What are phenomenology and idealism?

Well, Phenomenology is the study of structures of consciousness as experienced from the first-person point of view. Let’s take it back to Descartes and then on from there. Cogito ergo sum: I think; therefore, I am. Whatever “I” is exists indubitably. In order to doubt we exist, we have to exist.

We could take this one step further to say: I experience; therefore, experience exists. Idealism is the metaphysical philosophical position that the mental world, the realm in which our consciousness exists (or that is our consciousness), is all there is. The material world is a representation of something that we then experience, or that is created by our minds. We should not confuse the map with the terrain and think that the things we experience are the reality in material form.

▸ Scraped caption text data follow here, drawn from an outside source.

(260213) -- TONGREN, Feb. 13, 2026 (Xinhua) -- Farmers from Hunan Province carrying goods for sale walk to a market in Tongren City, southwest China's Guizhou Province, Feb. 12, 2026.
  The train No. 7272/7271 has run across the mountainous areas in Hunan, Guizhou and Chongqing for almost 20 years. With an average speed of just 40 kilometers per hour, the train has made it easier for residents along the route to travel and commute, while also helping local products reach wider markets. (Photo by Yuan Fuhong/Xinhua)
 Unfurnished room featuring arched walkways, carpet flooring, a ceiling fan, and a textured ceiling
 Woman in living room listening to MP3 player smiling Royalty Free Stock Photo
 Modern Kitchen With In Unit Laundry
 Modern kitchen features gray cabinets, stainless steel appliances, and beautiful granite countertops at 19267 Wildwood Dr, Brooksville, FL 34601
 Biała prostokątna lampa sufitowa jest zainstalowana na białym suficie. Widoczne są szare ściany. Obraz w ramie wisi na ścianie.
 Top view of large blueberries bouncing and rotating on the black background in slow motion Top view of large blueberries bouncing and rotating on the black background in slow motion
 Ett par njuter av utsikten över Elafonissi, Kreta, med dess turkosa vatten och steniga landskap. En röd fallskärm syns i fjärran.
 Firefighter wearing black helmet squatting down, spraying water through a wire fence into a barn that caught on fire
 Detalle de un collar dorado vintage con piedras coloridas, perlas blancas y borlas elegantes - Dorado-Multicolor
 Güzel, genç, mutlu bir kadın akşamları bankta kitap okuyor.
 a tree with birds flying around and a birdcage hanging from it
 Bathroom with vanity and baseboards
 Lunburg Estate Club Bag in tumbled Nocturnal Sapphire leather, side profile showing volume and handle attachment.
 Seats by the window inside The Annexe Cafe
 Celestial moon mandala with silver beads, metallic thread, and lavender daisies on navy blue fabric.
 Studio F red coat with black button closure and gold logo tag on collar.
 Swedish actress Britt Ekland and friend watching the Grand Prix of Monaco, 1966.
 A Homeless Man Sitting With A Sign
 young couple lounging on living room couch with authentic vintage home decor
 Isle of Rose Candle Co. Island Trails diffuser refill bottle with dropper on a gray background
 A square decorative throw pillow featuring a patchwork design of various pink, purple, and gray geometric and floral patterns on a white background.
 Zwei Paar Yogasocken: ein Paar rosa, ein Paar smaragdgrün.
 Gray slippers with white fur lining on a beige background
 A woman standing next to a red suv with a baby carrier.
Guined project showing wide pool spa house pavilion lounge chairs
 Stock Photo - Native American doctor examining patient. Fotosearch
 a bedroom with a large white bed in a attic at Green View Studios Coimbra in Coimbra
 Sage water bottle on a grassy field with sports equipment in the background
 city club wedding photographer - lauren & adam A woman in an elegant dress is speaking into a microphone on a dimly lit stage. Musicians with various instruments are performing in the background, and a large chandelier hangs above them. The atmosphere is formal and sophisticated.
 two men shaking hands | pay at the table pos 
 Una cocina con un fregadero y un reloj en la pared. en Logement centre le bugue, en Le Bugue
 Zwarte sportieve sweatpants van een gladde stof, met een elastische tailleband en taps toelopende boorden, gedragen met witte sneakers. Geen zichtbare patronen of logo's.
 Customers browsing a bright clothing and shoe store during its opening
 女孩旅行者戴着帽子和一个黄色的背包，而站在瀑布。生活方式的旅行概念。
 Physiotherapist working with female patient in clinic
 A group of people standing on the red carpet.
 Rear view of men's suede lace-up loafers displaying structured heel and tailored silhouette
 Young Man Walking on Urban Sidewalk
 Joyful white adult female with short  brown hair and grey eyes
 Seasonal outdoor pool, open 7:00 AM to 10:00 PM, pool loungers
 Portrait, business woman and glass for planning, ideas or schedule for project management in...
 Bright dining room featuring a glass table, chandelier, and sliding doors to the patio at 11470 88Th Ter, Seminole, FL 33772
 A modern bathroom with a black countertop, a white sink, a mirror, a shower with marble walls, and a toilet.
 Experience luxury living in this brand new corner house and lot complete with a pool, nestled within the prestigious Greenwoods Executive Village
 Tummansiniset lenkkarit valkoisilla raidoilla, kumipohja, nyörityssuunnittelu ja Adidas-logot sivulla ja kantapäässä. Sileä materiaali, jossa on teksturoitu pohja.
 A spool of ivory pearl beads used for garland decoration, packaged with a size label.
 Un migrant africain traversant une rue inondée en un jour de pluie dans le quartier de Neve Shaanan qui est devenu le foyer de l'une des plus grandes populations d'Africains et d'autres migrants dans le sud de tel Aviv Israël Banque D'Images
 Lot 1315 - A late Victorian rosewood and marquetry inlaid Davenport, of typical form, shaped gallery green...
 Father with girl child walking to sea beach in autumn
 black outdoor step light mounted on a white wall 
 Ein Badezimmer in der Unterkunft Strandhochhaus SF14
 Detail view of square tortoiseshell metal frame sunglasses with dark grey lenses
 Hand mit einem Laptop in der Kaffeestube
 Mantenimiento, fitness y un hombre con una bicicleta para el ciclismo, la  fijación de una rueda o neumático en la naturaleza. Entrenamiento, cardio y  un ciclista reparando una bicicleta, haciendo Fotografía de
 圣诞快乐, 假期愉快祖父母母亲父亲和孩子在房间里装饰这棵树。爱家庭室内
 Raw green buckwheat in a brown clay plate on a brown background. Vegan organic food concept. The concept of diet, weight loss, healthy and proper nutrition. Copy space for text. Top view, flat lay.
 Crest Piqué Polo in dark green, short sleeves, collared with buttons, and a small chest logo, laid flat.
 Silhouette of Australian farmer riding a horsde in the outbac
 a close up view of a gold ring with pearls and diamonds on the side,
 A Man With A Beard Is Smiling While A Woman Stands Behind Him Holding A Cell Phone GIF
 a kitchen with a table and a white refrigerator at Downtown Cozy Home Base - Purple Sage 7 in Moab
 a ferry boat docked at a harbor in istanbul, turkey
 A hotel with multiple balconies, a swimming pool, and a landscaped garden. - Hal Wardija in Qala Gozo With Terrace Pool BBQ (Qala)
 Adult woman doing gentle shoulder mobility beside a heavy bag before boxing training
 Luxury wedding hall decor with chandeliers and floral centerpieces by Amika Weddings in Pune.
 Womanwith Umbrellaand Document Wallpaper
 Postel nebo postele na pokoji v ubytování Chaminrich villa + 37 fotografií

Idealism can take many forms. I like to see it as a continuum from solipsism – the belief that your mind is the only mind, and that the whole of reality is a figment of your mind – to a form of panpsychism (but not panpsychism – I’m sure there is a word for this) – where your experience and other minds are all part of some uber-consciousness or Absolute Spirit or some such overarching non-material framework.

Materialism, on the other hand, is the belief that we exist and that we experience a real, external world made of matter (sometimes physicalism is preferred to encompass the weirder aspects of physics). When I touch the table, the table really exists, even though my experience of it might not be a 1:1 correspondence to the external object. This is a form of realism.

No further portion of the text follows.